Nope, but I sure wish we did! I will next year because next year I am going to be homeschooled!


----------



## gunner77 (Jan 24, 2009)

well i thought man, this is awesome i get to shoot archery at school and at home!


----------



## master hunter (Oct 9, 2007)

i do it is kind of boring shooting the genisis bows at like 10 yards tho.


----------



## Mach12 (Apr 3, 2007)

we did at the begining of the year. its to easy for me plus the bows were crapy long bows that look if they were about to fall apartukey:


----------



## gunner77 (Jan 24, 2009)

i know it passes the time but the bows are junk. yeah and like you all said you shoot from like 10 yards which is also crappy.


----------



## thrill_seeker (Feb 2, 2008)

a few years back we where albe to bring our hunting bows in and the kids that didnt have bows had to shoot the 10 pd ones and all the ppl with there own had one of the biggest bragging contest on who could shoot better at 80 yards or 100 yards and well there where a couple kids that where fairly close together at shooting and well they started betting each other at who was better and well you know how that ended everyone now has to shoot the 10 pounder pretty lame yea that was a few years ago back when i was in elementary


----------



## Ignition kid (Oct 7, 2008)

master hunter said:


> i do it is kind of boring shooting the genisis bows at like 10 yards tho.

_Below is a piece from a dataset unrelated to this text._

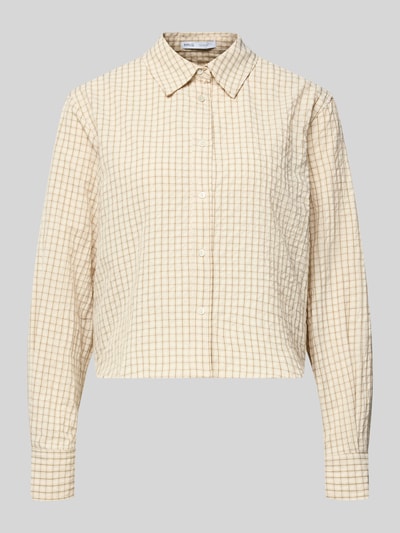 Produktfoto, Boxy Fit Hemdbluse Modell 'IRUYA' von Mango aus Material-Mix mit Baumwoll-Anteil, Allover-Look, Knopfleiste, beige kariert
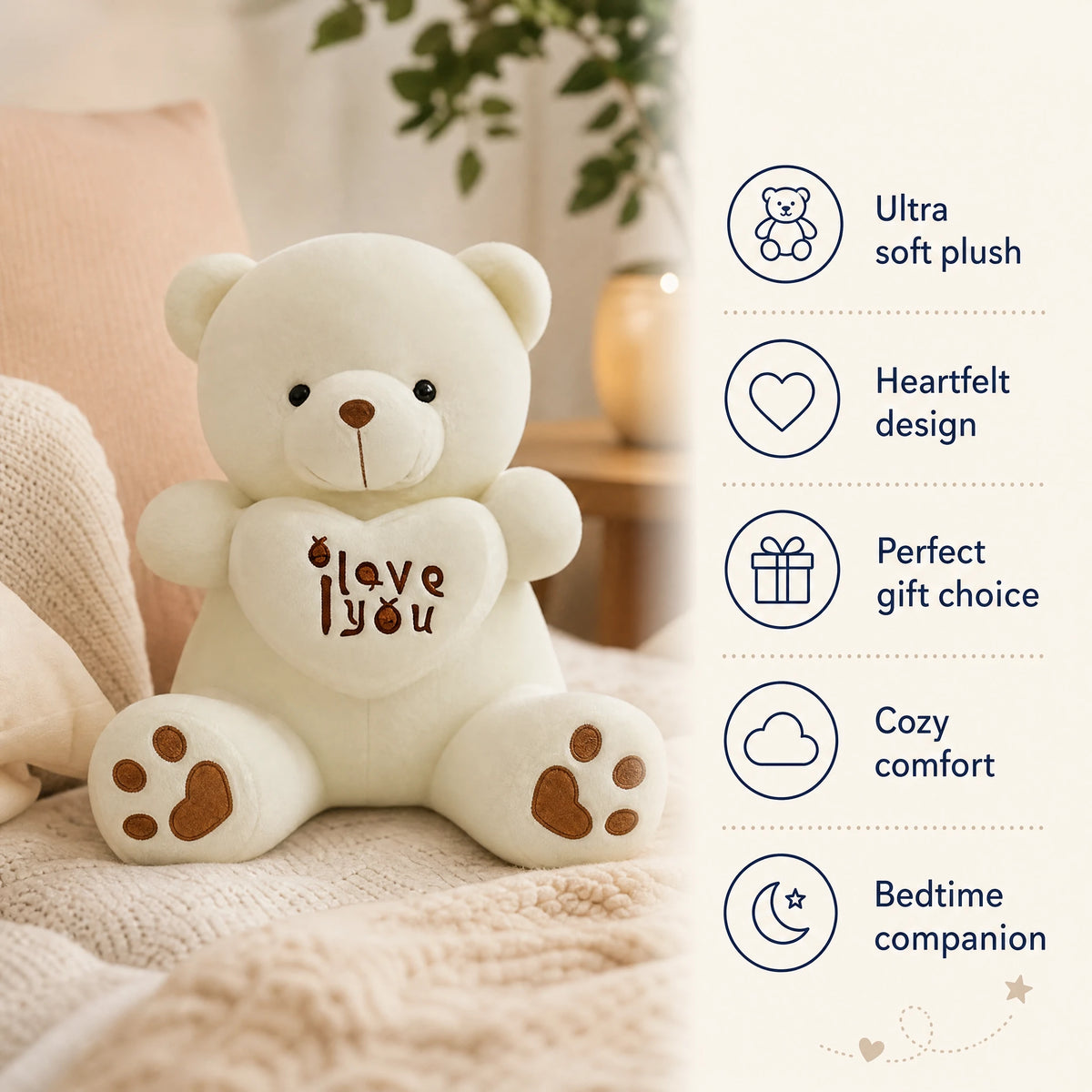 Teddy Bear Plush with I Love You Heart Message - Bénéfices produit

Well, at least you get to shoot any kind of bow in PE because we don't shoot at all.


----------



## master hunter (Oct 9, 2007)

Ignition kid said:


> Well, at least you get to shoot any kind of bow in PE because we don't shoot at all.


guess your rite.


----------



## Sighting In (Feb 5, 2009)

I wish. I have been thinking of talking to my principal and getting an archery club started at my school, but the economy is forcing cuts and I don't think they would want to add something like that... 

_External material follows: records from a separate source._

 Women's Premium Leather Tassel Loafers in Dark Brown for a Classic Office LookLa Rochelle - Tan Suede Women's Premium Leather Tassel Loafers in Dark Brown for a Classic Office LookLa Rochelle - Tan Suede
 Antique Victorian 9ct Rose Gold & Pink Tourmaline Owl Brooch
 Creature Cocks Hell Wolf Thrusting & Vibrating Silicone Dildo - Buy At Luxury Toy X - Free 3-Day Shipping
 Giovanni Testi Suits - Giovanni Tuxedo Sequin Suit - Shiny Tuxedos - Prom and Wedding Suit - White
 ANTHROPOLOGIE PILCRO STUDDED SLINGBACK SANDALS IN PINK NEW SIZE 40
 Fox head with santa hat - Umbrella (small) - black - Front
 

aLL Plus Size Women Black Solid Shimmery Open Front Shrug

You should totally ask your teacher if you could bring in your real bow. Show off to the other kids and what not. It might make them want to try the real stuff. :thumbs_up

If we did it, I know of only one other person in the school who shoots, and he doesn't do it seriously.


----------



## buglebuster (Feb 18, 2009)

Try robbinhooding them if its that easy.


----------



## DEER HUNTER-7 (Oct 6, 2008)

yeah we shot them in outdoor ed and in gym big difference when you go from shooting 60# at 20-40 yards to 10# at about 10 yards guess something to pas the time


----------



## PA3-DArcher4 (Nov 5, 2008)

sorry Sighting In, but I think that would violate the weapons policy!! lol


----------



## gobblercrazy (May 9, 2008)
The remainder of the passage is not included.